Adrift in the Endless Scroll – Till a Simple Ritual Renewed My Passion for Reading
As a child, I consumed novels until my vision blurred. When my exams came around, I exercised the stamina of a monk, revising for lengthy periods without pause. But in lately, I’ve watched that capacity for deep concentration dissolve into endless browsing on my device. My attention span now shrinks like a snail at the touch of a finger. Reading for pleasure seems less like sustenance and more like a marathon. And for a person who writes for a living, this is a professional hazard as well as something that made me sad. I wanted to regain that mental elasticity, to stop the brain rot.

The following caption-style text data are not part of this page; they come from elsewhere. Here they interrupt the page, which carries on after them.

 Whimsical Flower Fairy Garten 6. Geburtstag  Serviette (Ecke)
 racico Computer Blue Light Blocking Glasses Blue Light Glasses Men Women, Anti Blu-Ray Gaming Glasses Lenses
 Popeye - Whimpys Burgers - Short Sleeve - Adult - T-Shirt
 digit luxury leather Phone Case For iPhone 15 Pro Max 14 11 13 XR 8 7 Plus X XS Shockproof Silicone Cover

So, about a twelve months back, I made a small vow: every time I came across a word I didn’t know – whether in a novel, an article, or an casual conversation – I would research it and record it. Nothing elaborate, no leather-bound journal or fountain pen. Just a running list maintained, amusingly, on my smartphone. Each seven days, I’d devote a few minutes reviewing the collection back in an effort to imprint the word into my recall.
The list now covers almost 20 pages, and this small ritual has been subtly life-changing. The payoff is less about showing off with obscure adjectives – which, to be honest, can make you appear insufferable – and more about the mental calisthenics of the ritual. Each time I search for and note a term, I feel a slight stretch, as though some underused part of my brain is flexing again. Even if I never use “phantom” in dialogue, the very process of spotting, logging and reviewing it interrupts the slide into inactive, semi-skimmed attention.

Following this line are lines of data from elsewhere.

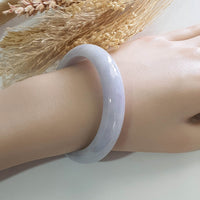 Translucent Light Lavender Jadeite “Cotton Candy” Bangle (JAC003091) 7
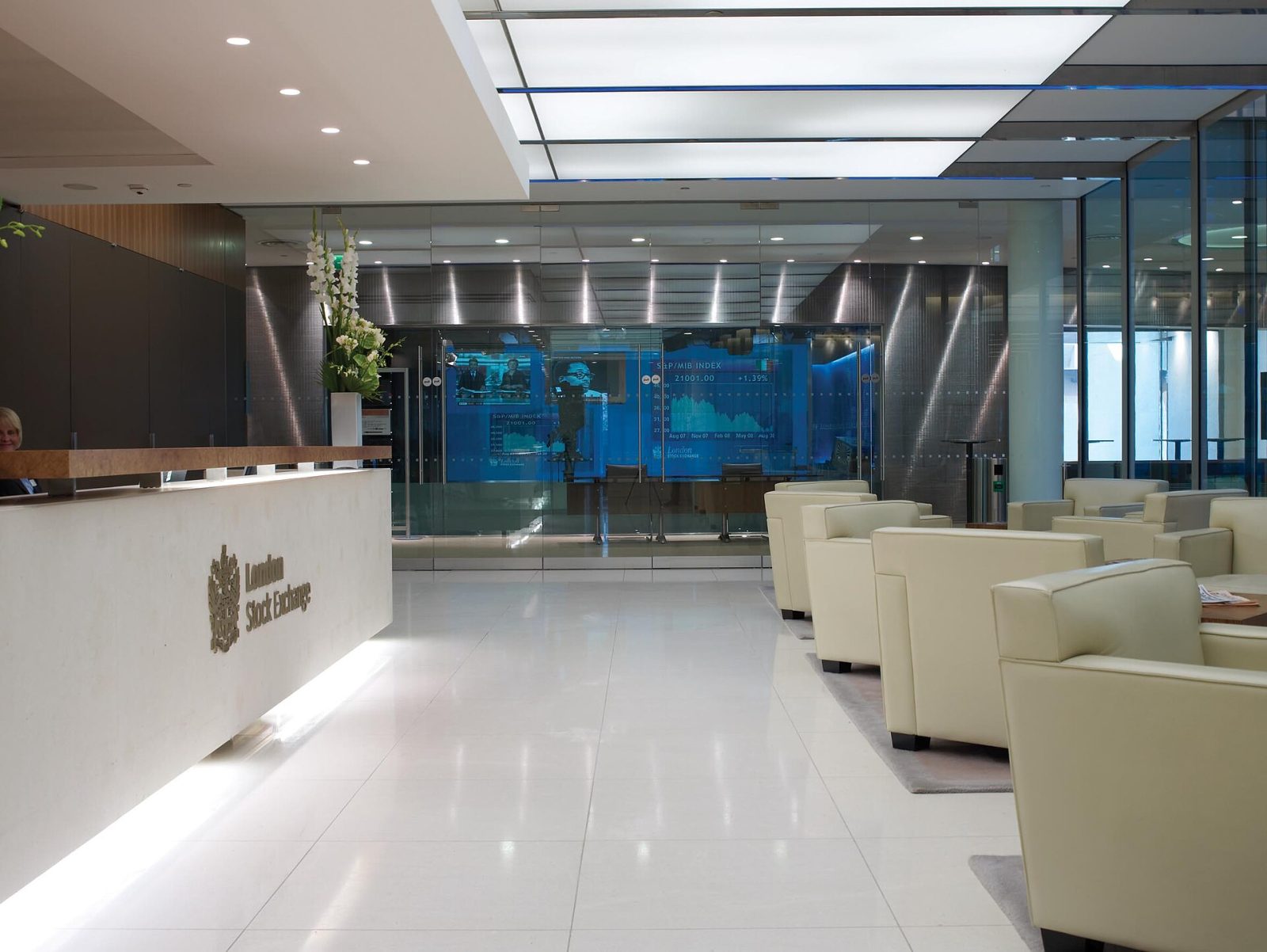 The reception of the London Stock Exchange in Paternoster Square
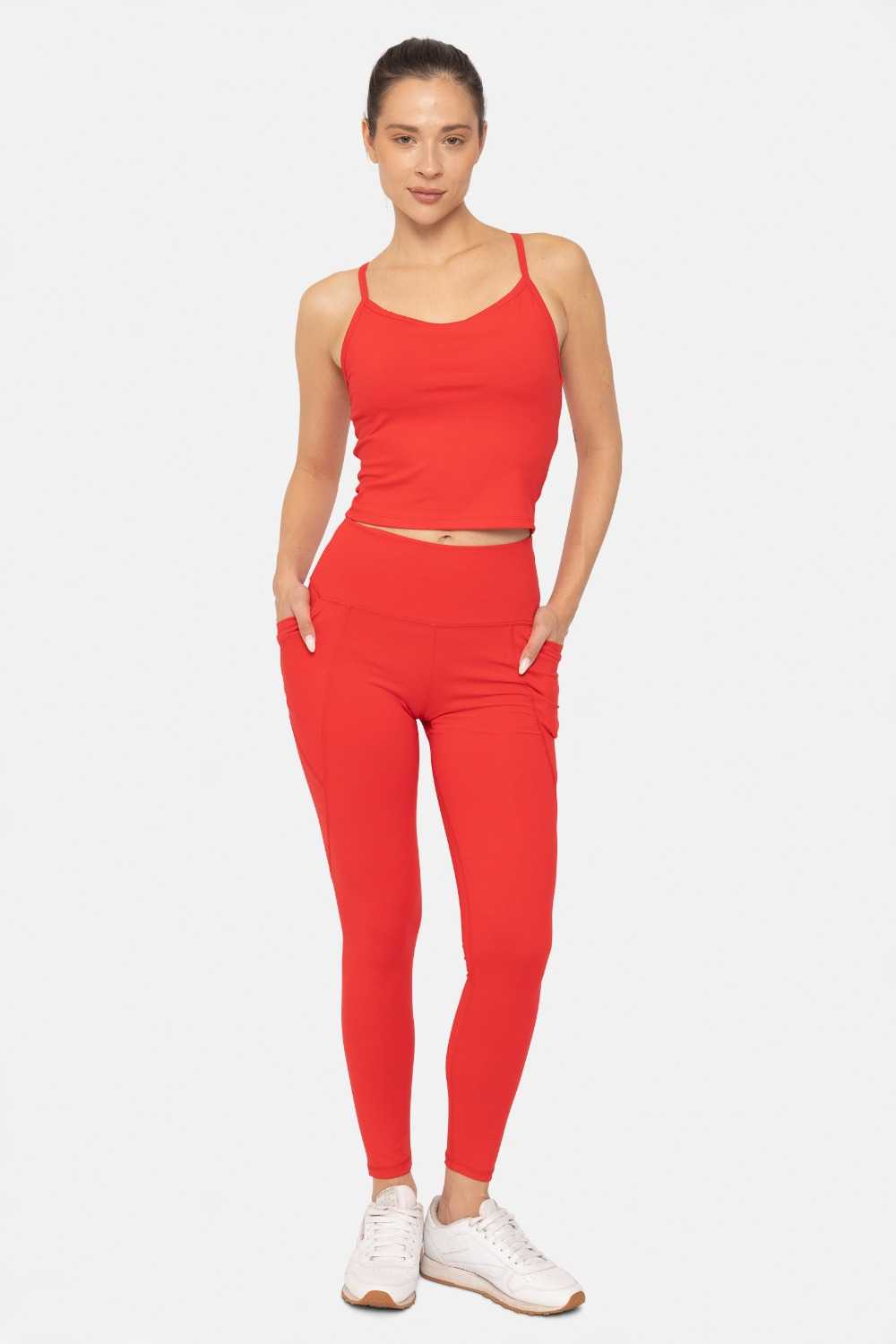 Tapered Band Essential Solid High-Waist Leggings Cherry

Additionally, there's a journalling aspect to it – it acts as something of a diary, a record of where I’ve been reading, what I’ve been thinking about and who I’ve been hearing.

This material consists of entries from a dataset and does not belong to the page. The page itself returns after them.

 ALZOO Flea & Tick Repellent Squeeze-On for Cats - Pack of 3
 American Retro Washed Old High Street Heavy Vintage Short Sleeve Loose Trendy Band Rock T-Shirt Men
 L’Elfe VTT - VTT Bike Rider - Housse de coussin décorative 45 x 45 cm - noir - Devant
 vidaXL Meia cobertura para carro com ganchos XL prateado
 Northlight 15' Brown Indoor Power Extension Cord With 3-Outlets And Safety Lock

It's not as if it’s an easy routine to keep up. It is frequently extremely inconvenient. If I’m reading on the subway, I have to stop mid-paragraph, take out my device and type “millenarianism” into my Google doc while trying not to elbow the stranger pressed against me. It can slow my pace to a maddening crawl. (The e-reader, with its integrated lexicon, is much easier). And then there’s the reviewing (which I often forget to do), dutifully browsing through my expanding vocabulary collection like I’m preparing for a vocabulary test.
Realistically, I integrate maybe 5% of these terms into my everyday speech. “unreformable” made the cut. “mournful” as well. But most of them remain like exhibits – appreciated and catalogued but seldom handled.
Nevertheless, it’s rendered my thinking much keener. I find myself turning less often for the same overused handful of descriptors, and more frequently for something exact and muscular. Few things are more gratifying than discovering the perfect word you were searching for – like finding the missing puzzle piece that snaps the image into place.
At a time when our gadgets siphon off our attention with merciless efficiency, it feels subversive to use my own as a instrument for slow thinking. And it has restored to me something I feared I’d forfeited – the pleasure of exercising a intellect that, after a long time of slack browsing, is at last stirring again.